== WHAT YOU ARE ASKED TO DO ==
Print only the lines from the top of the data through the line with "Laceration without foreign", both included, skipping every picture.

Scraped caption text data:
■ ■ ■ ■ ■

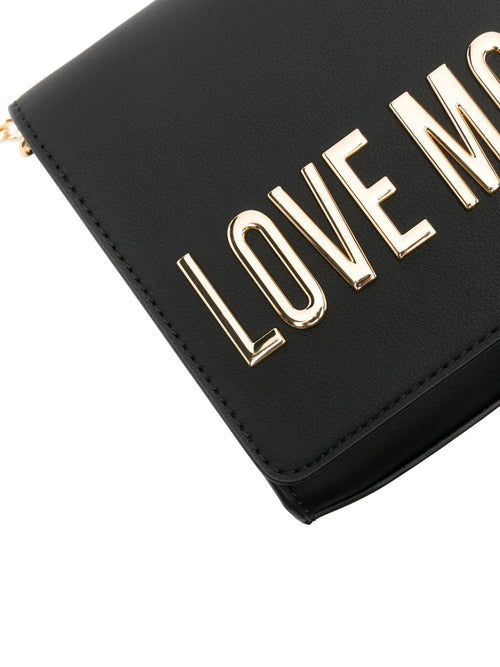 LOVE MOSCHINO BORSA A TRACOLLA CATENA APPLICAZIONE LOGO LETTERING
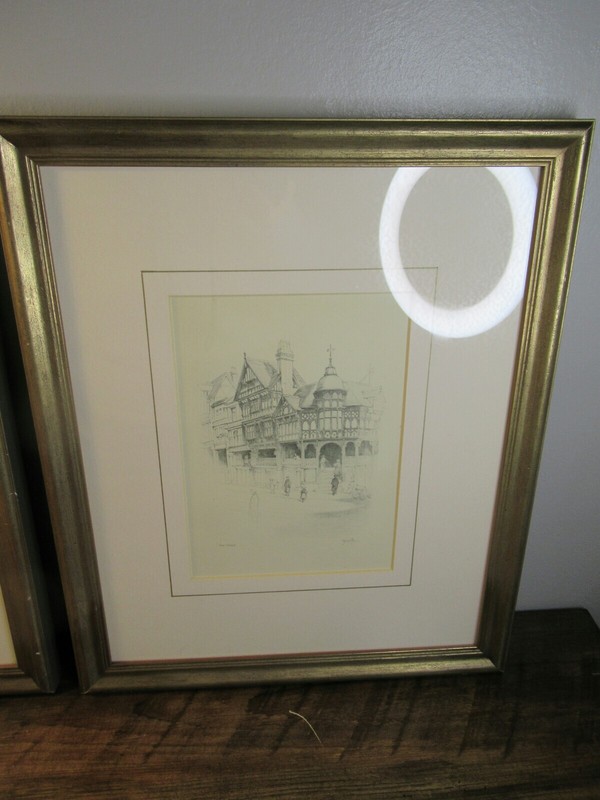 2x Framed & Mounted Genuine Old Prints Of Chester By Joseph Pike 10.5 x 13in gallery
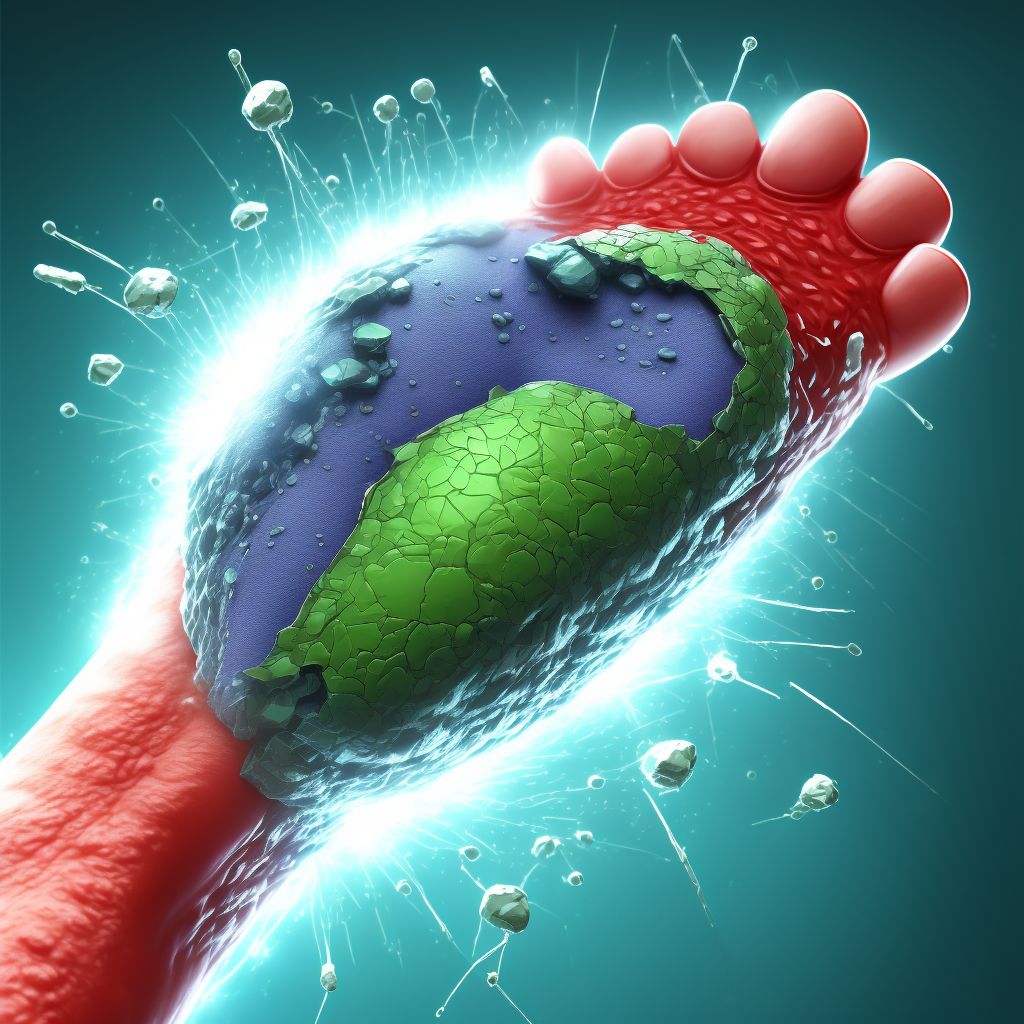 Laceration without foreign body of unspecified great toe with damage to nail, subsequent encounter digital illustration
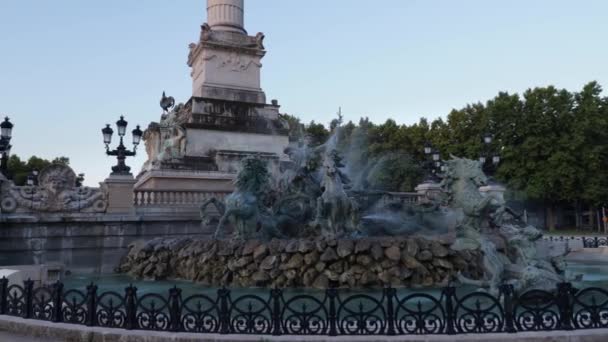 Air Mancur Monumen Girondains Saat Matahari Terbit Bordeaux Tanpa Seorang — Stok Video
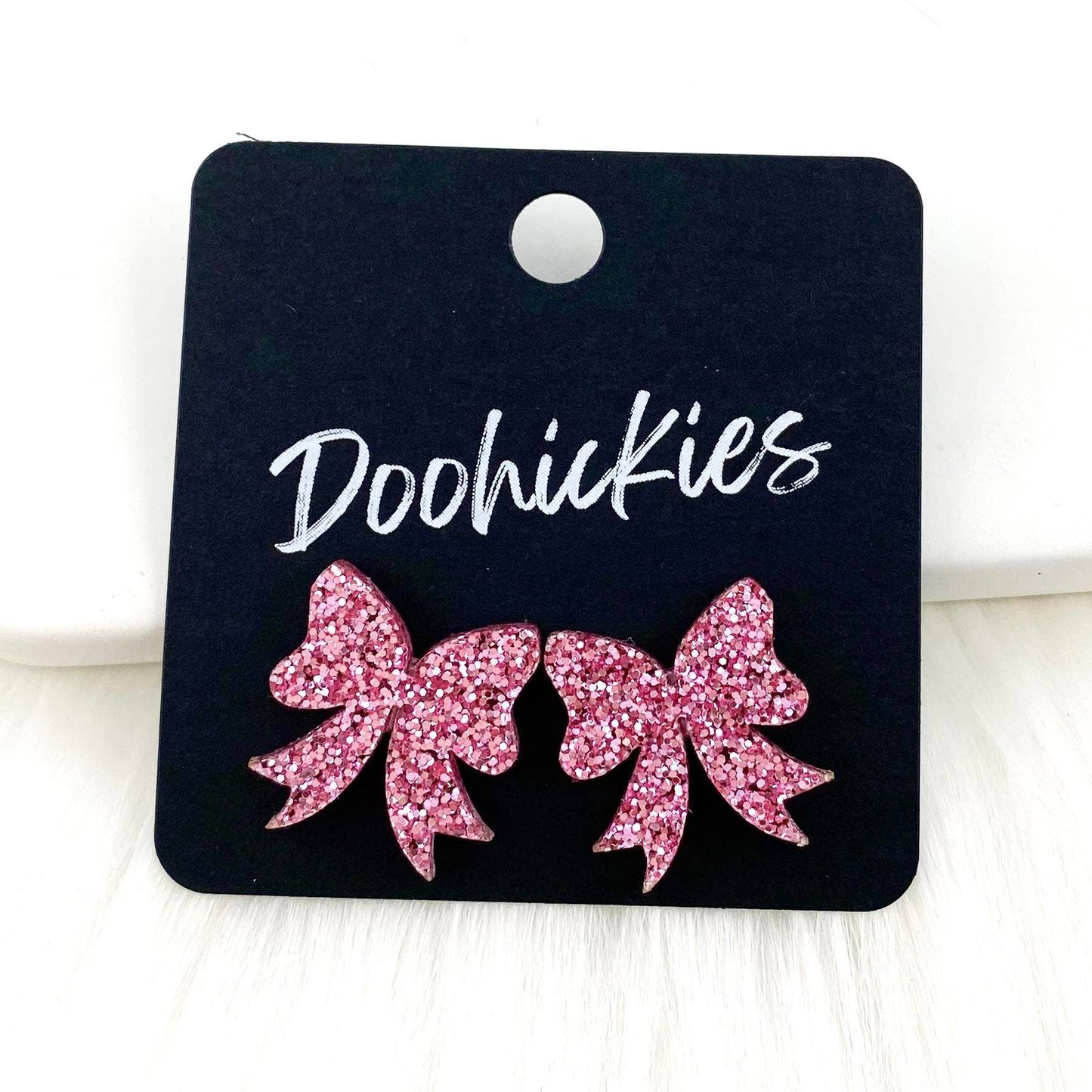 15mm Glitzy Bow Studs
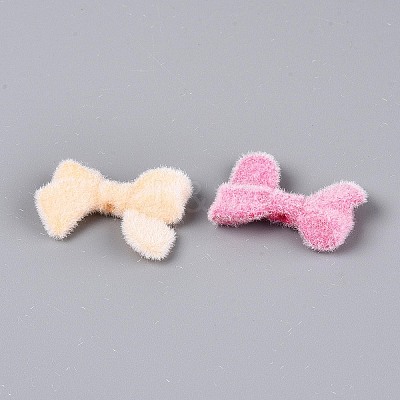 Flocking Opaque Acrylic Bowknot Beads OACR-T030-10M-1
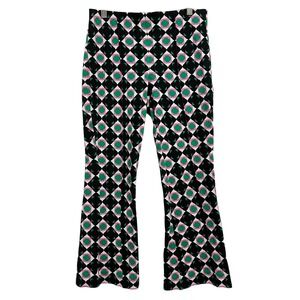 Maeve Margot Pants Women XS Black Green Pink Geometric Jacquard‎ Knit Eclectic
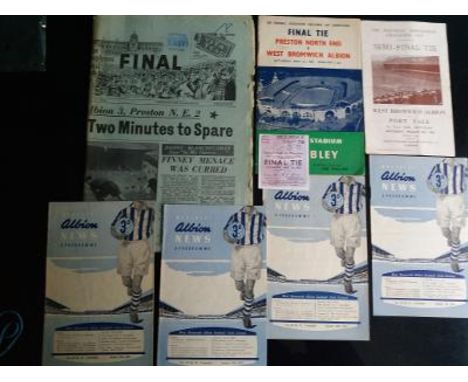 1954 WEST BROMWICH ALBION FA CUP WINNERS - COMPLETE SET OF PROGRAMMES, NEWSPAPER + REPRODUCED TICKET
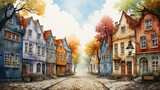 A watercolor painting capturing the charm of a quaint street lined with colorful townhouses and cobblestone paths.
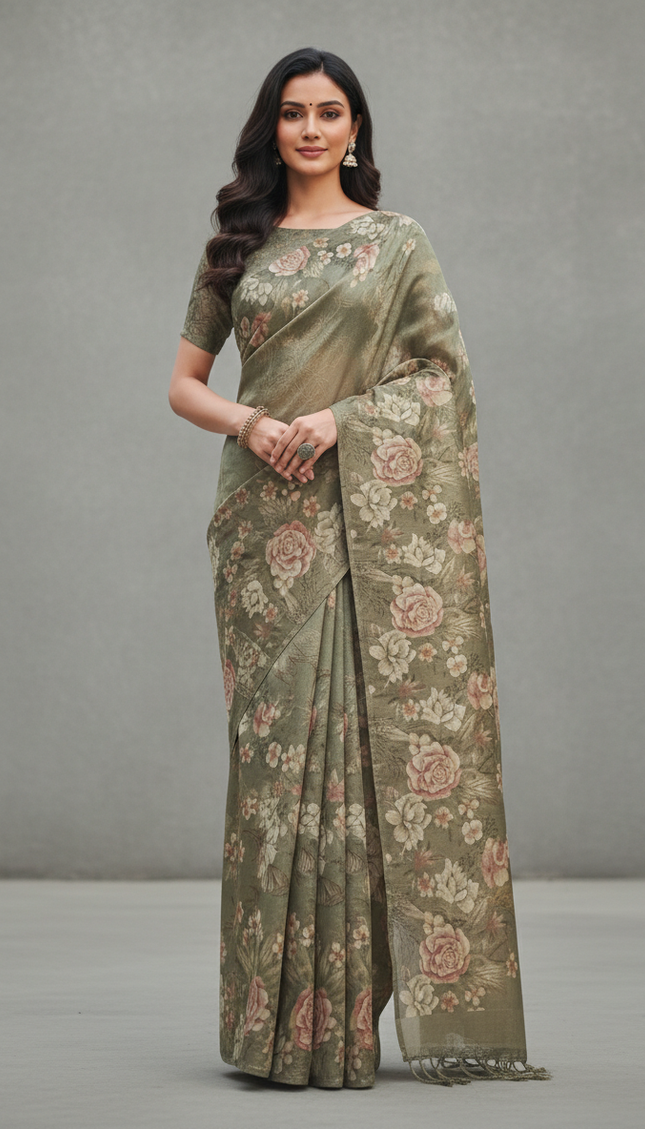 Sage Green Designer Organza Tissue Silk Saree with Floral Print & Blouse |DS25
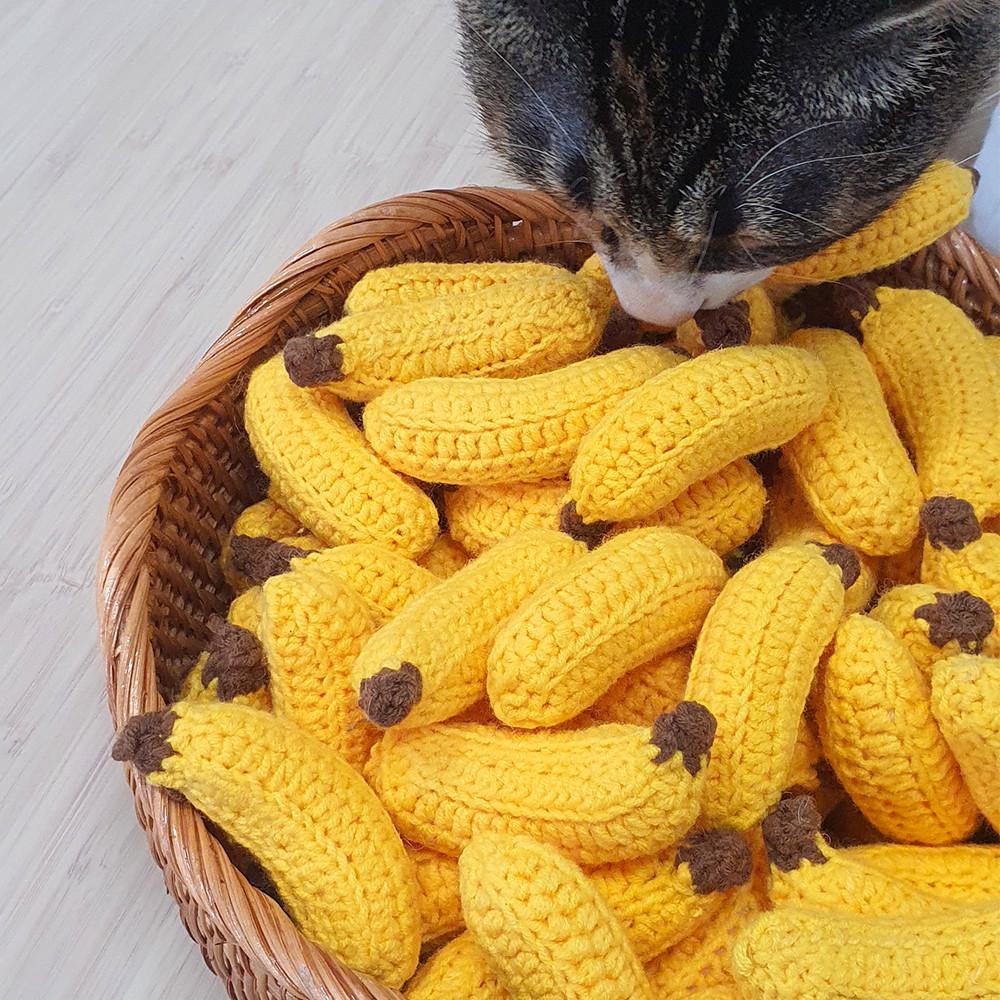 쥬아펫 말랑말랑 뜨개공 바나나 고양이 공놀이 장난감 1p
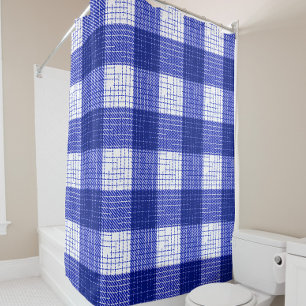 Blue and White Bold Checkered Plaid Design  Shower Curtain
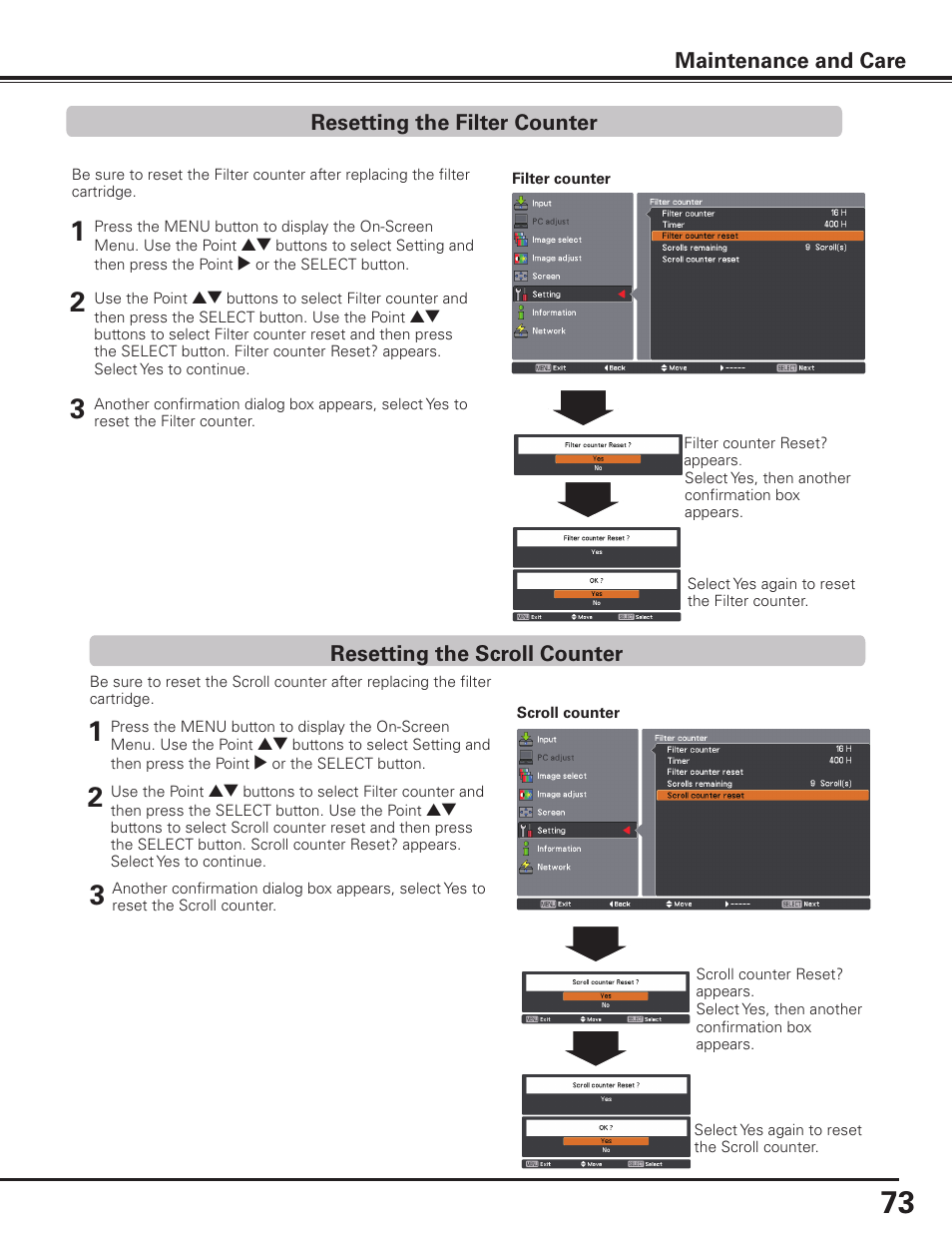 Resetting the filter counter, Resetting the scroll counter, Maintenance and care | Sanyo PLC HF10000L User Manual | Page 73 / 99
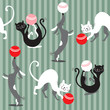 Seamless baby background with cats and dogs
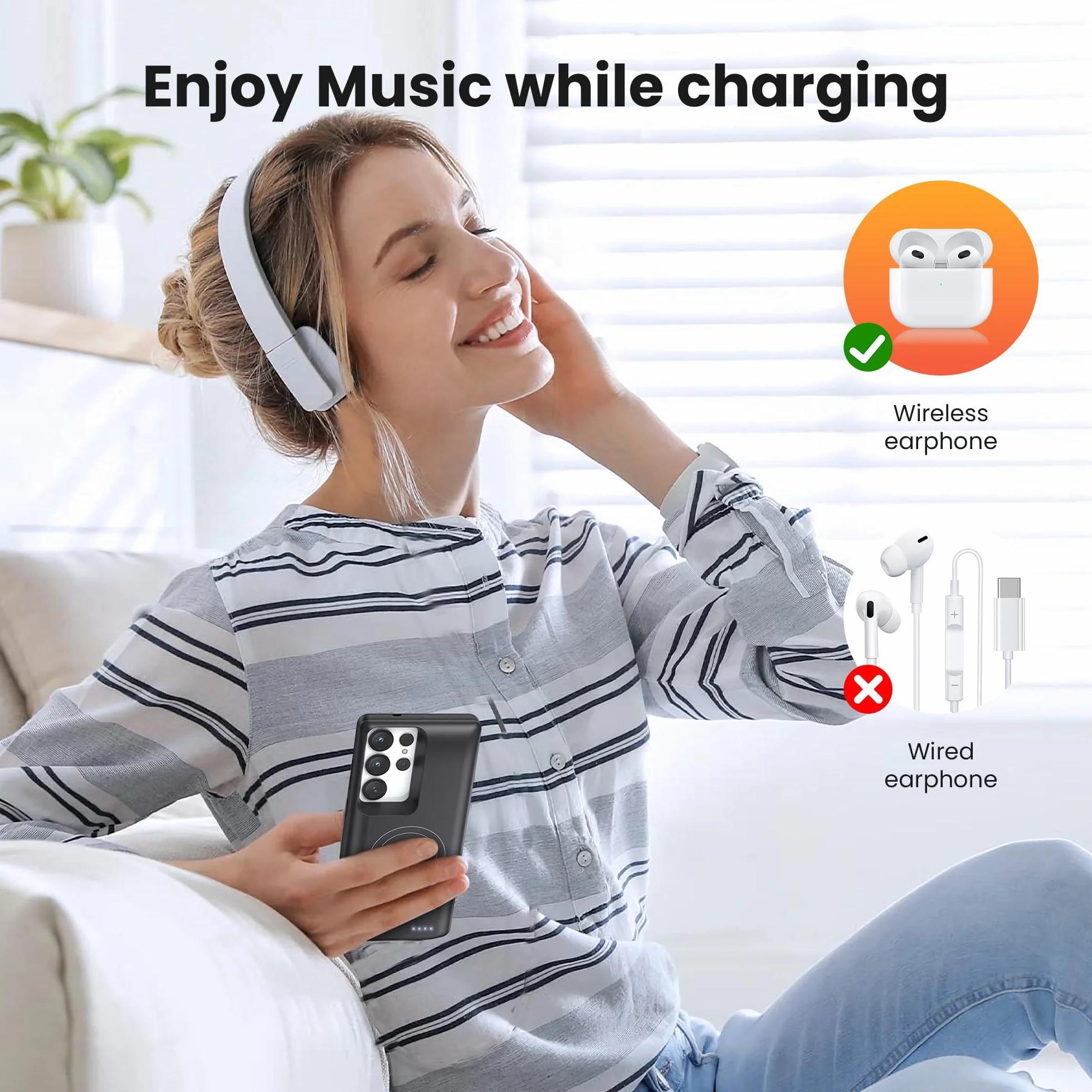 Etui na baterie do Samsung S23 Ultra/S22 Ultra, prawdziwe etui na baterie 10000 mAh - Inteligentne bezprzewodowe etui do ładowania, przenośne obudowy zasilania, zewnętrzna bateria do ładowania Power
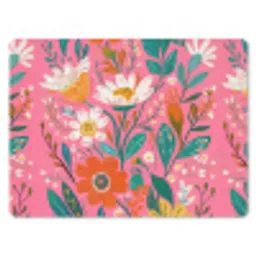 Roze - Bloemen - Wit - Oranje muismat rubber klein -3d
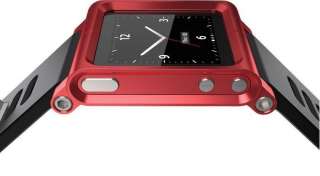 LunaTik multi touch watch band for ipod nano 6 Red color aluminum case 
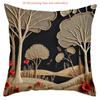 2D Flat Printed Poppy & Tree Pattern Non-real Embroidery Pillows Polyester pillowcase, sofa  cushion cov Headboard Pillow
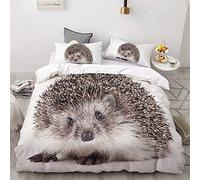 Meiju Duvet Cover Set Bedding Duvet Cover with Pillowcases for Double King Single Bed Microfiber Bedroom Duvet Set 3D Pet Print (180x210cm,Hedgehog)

■ ■ ■ ■ ■

== ANSWER SECTION ==
 LOVE MOSCHINO BORSA A TRACOLLA CATENA APPLICAZIONE LOGO LETTERING
 2x Framed & Mounted Genuine Old Prints Of Chester By Joseph Pike 10.5 x 13in gallery
 Laceration without foreign body of unspecified great toe with damage to nail, subsequent encounter digital illustration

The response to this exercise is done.